Lloyds Bank will cut 3,000 jobs and close 200 branches, despite doubling its profits in the first half of the year.
The Bank posted a pre-tax profit of £2.5 billion in the first six months of 2016, up from £1.2bn in the same period last year.
Those job cuts and closures come in addition to the 9,000 axed jobs and 200 branches announced in 2014.
Chief executive Antonio Horta-Osorio warned that Lloyds expects a "deceleration of growth" following the Brexit vote. He explained that the reasons behind measures to cut costs even further come in two areas - firstly, changes in the way people do their banking, and secondly the chances of interest rates being kept low for some time after the Brexit vote.
Mr Horta-Osorio did stress, however, that the bank was in a "strong position to withstand the uncertainty" generated by the vote to leave the European Union. Before the referendum, Lloyds Banking Group warned of short-term uncertainty if the UK voted to leave the EU, but said it was "unclear" what the long-term impact would be.
The bank is still part-owned by the taxpayer, with the government still holding roughly a 10% stake.
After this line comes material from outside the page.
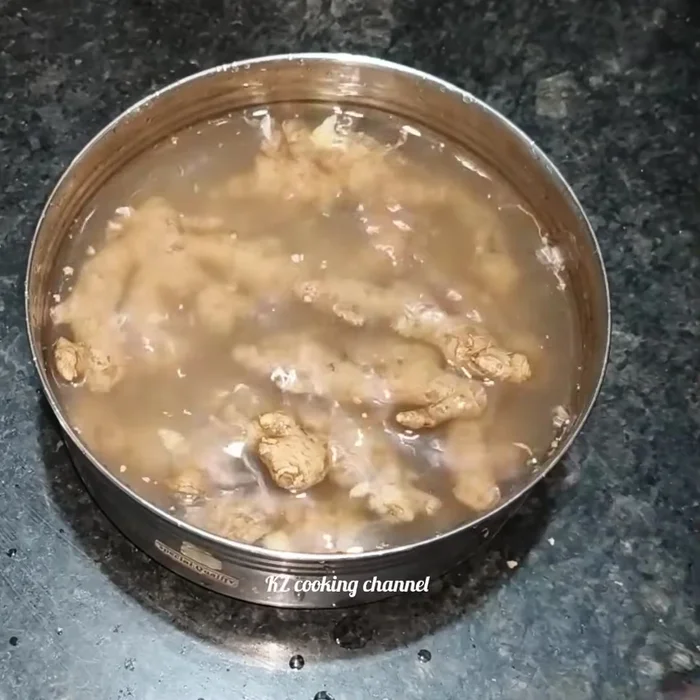 Soak 1 kg of ginger in water.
The government had intended to sell the remainder of its stake sometime in the spring, but turmoil in the financial markets at the start of the year prompted then Chancellor George Osborne to delay the sale. And based on Lloyds' current share price, a sale is likely to be some way off.
When George Osborne delayed the sale, shares were valued at 64p each - below the 74p the government paid per share when it bailed out the bank in 2008. The price plunged to around 54-55p following the EU referendum result and has so far struggled to recover, meaning the government would make and even greater loss on its stake.